In the rapidly evolving landscape of Artificial Intelligence, the process of "post-training"—encompassing Supervised Fine-Tuning (SFT) and Reinforcement Learning (RL)—is frequently viewed as the finishing school where a model acquires its persona and specialized skills. However, a seminal paper recently appearing on ArXiv (2605.08368) proposes a radical theoretical shift. The researchers argue that the common distinction between SFT as "imitation" and RL as "discovery" is far too coarse. Instead, they introduce a framework rooted in the Free Energy Principle to address a core ontological question: Are we creating new capabilities, or merely eliciting those that already lie dormant within the model's billions of parameters?

The Illusion of Learning and the Energy Barrier

The traditional narrative suggests that Large Language Models (LLMs) learn about the world during pre-training and learn how to interact during post-training. This new research suggests that what we often perceive as the "learning of new skills" is, in reality, a reduction in the "energetic cost" of accessing information the model already possesses. By employing tools from statistical physics and information theory, the authors demonstrate that post-training functions less like a teacher and more like a sculptor, removing the debris to reveal the statue within.

When a model undergoes Reinforcement Learning (RL), it isn't necessarily discovering novel logical structures. Rather, the process reshapes its probability distribution, making certain "latent" capabilities more accessible. The study terms this process "Capability Elicitation." True "Capability Creation," conversely, requires a much more violent shift in parameter space—one that rarely occurs during the fine-tuning stages without catastrophic forgetting of prior knowledge.

The Free Energy Principle as a Diagnostic Tool

Utilizing the Free Energy Principle (FEP), a concept popularized by neuroscientist Karl Friston, the paper provides a rigorous mathematical framework for understanding model behavior. According to the framework, an LLM seeks to minimize "variational free energy" relative to its training data. Post-training is essentially an exercise in aligning the model's internal "energy landscape" with human expectations and task-specific requirements.

  • Elicitation: The model leverages existing patterns from pre-training to satisfy the new objective function with minimal structural change.
  • Creation: The model is forced to develop entirely new neural circuits to process information or logic that was absent from its initial training corpus.

This distinction carries profound implications for AI safety.

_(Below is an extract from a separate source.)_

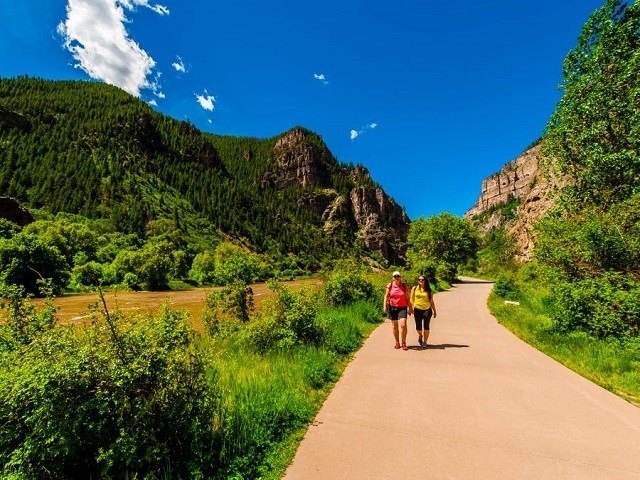 Glenwood Springs tặng voucher 100 USD cho du kh&aacute;ch.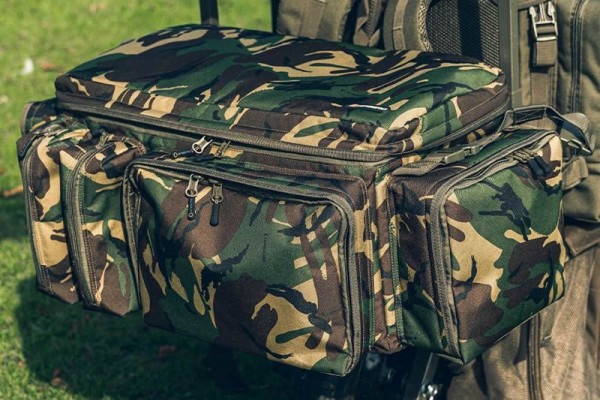 SABER CAMO FISHING Carp Carryall DPM Luggage Carry Tackle £26.99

If a hazardous capability can be "elicited" with minimal effort, it implies the threat was already present, lurking in the shadows of the neural network, rather than being a byproduct of malicious fine-tuning.

Implications for Alignment and Evaluation

One of the most provocative conclusions of the research is that current benchmarks fail to distinguish between these two phenomena. We often celebrate the "intelligence" of a model that has simply learned to better retrieve its knowledge, while ignoring a stagnation in the actual creation of new cognitive pathways. The researchers' analysis shows that RL is exceptionally effective at elicitation but surprisingly inefficient at creation. This explains why models often "collapse" or hallucinate when pushed beyond the boundaries of their pre-trained data distribution.

"Post-training is not the birth of intelligence, but the domesticating of a pre-existing informational chaos," the authors note.

For the global research community and enterprises focusing on model customization, the message is clear: pre-training quality remains the ultimate bottleneck. No amount of RLHF (Reinforcement Learning from Human Feedback) can generate capabilities that were not planted as seeds during the initial processing of trillions of tokens. We are essentially optimizing the path to existing answers rather than teaching the model how to think from scratch.

The Road Ahead: 2026 and Beyond

As we move through 2026, understanding the internal dynamics of LLMs through the lens of physics and thermodynamics will become the new standard. This study paves the way for more efficient training methodologies, where we might predict whether a model *can* learn a task before spending millions on compute. The distinction between elicitation and creation is not merely academic; it is the roadmap for the next generation of Artificial General Intelligence (AGI). If we want models that truly create, we must rethink the very architecture of how they transition from pre-training to the real world.